Господин Эркенбальд с его суровой приверженностью к justitia, оказывается, лучше понимает волю Бога, нежели епископ, считающий убийство смертным грехом, и действительно, Господь принимает сторону беспощадного карателя. Представление о Боге как Судие, присущее проповедникам, выразил краткий стих, произнесенный богатым и знатным клириком, который, лежа бездыханный на погребальных носилках, внезапно возвратился к жизни: «Justus iudex iudicavit, iudicatum condemnavit, condemnatum tradidit in manus impiorum» («Справедливый Судия осудил, осужденного предал проклятью, проклятого отдал в руки нечистых»). С этими словами он окончательно умер, открыв тайну участи своей души в загробном мире (DM, XI: 49). Самое страшное в мире — это суд Господа (Klapper 1914, N 11).

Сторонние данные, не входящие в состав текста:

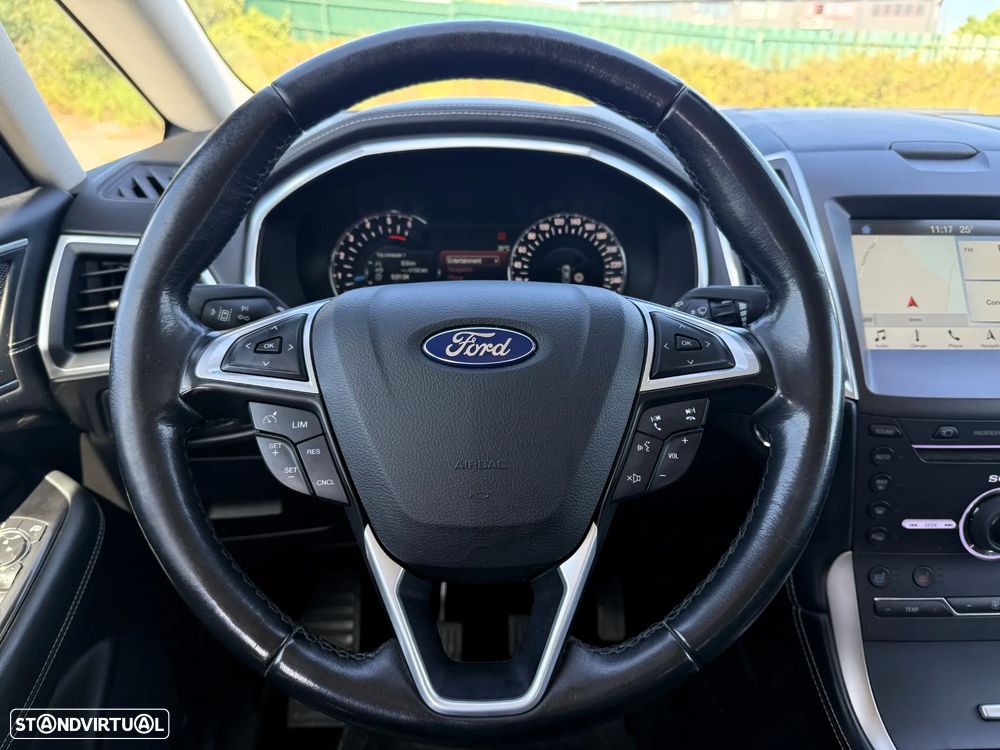 Ford S-Max 2.0 TDCi Vignale - 36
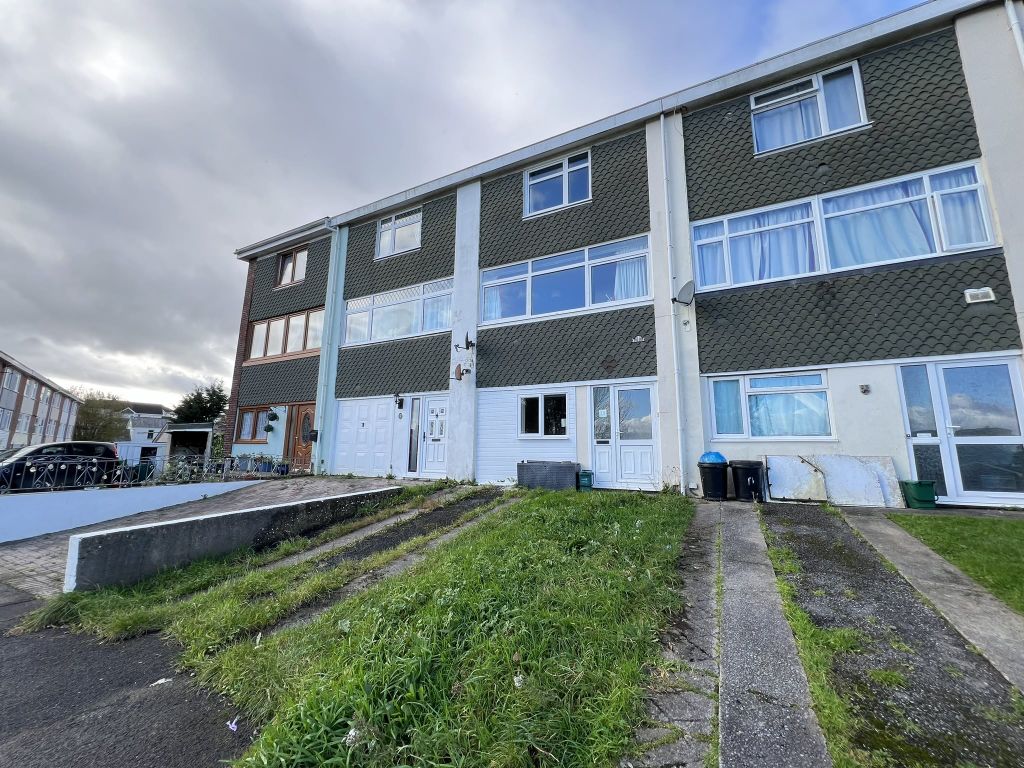 5 bed terraced house for sale in HeolYWawr, Carmarthen SA31, £159,950
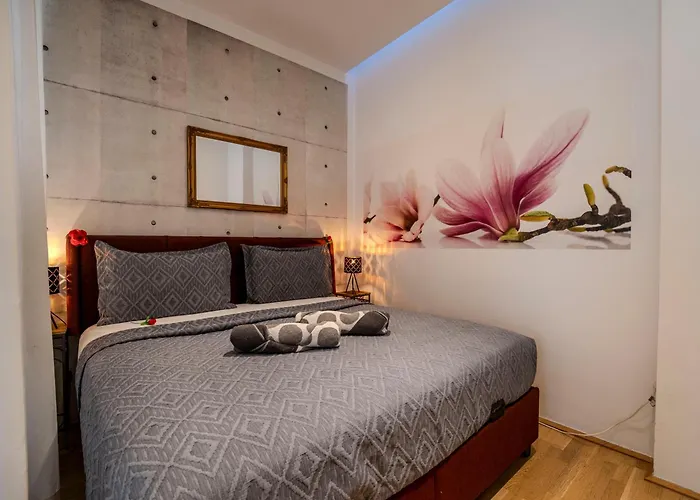 Premium For 4 Near Westbahnhof & Mariahilfer Strasse *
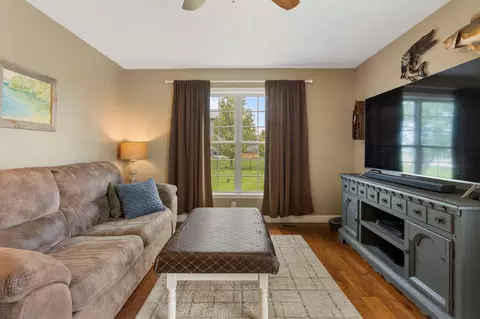 Bedroom - 7739 Lakewood Rd, Weldon, IL 61882 photo 1 of 6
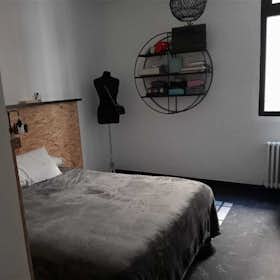 Private room for rent for €1,300 per month in Madrid, Calle de Caracas
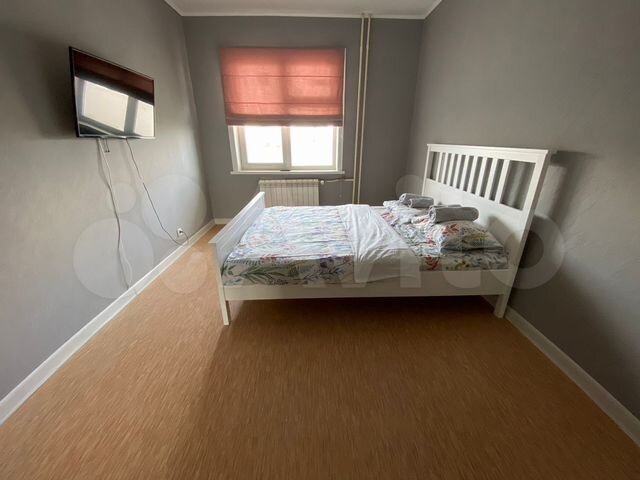 2-к. квартира, 65 м², 9/12 эт.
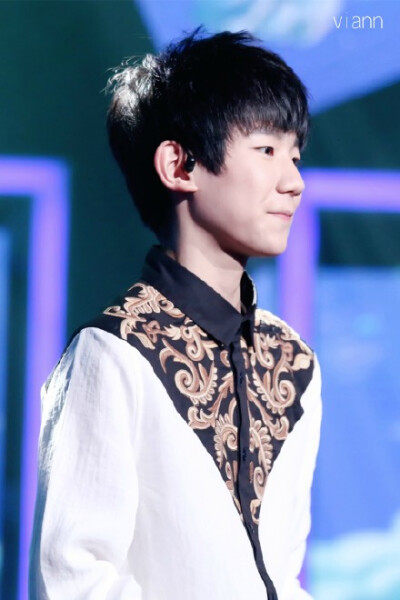 图见：见cr和logo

Судебная терминология широко применяется в «примерах» при описании Страшного суда. Некий каноник заметил, что правильно поступают те знатные господа, которые, умирая, берут с собой адвокатов, — они им очень пригодятся (DM, XI: 46). Юристов не любят, и настойчивость, с какой проповедники разоблачают их продажность и изворотливость, может быть поставлена рядом с гневными нападками на ростовщиков. Правда, Этьен де Бурбон замечает, что в самой по себе профессии адвоката нет ничего дурного, но злоупотребления и жадность достойны осуждения. Многие адвокаты, пишет он, подобны мельникам, кои слаще спят под шум колес мельницы, чем в тишине и покое, — так и юристы предпочитают шум тяжб, звучащий для них сладкой мелодией вследствие ожидаемой ими наживы (ЕВ, 438) [116] . И они жестоко платятся за это. Некий епископ, умирая, сказал, что, приблизив к себе двух худших из людей, врача и адвоката, он утратил и душу, которую похитил у него легист, и тело, погубленное медиком (Hervieux, 267). У одного саксонского декретиста после смерти не оказалось языка, и по заслугам потерял его, умирая, тот, кто столь часто продавал его при жизни. Позолоченный язык умирающего адвоката быстро-быстро шевелился и как бы произносил: «Проворен я был на грех» (LE, 68). У какого-то покойного адвоката язык во рту вращался быстрее тростника, а у другого нижняя губа шевелилась скорее, чем губы у крокодила; язык третьего просто вывалился изо рта. Еще об одном Этьен де Бурбон читал, что после смерти язык его вырос и распух (ЕВ, 439; Ср. N 440; DM, VI: 28; Frenken, N 9). Адвокат, который за четверть овса продал свой язык в неправедной тяжбе, умирая, указывал на причастие со словами: «Avena, avena, avena» («Овес») (ТЕ, 88). Нечестных адвокатов следовало бы купать в расплавленном золоте. Автор «Книги примеров» вспоминает Сенеку: Нерон в аду, купаясь в такой ванне, пригласил в нее «хор» приближающихся адвокатов (LE, 71; Crane, N 36). Адвокаты хуже распутниц: ведь распутницы продают «наиболее подлую и худшую часть своего тела», а адвокаты — «благороднейшую и лучшую, то есть рот и язык» (ТЕ, 4). Жак де Витри слыхал о жадном судье: бедной женщине, которой нужно было к нему обратиться за справедливостью, сказали, что, если ему не смазать руку, толку не будет. Она поняла эти слова буквально и стала в присутствии многих мазать ему руку, повергнув его в стыд (Crane, N 38; Hervieux, 301).
116
Вмешательство святых в пользу судей и юристов упоминается в «примерах» очень редко. См.: LE, 173.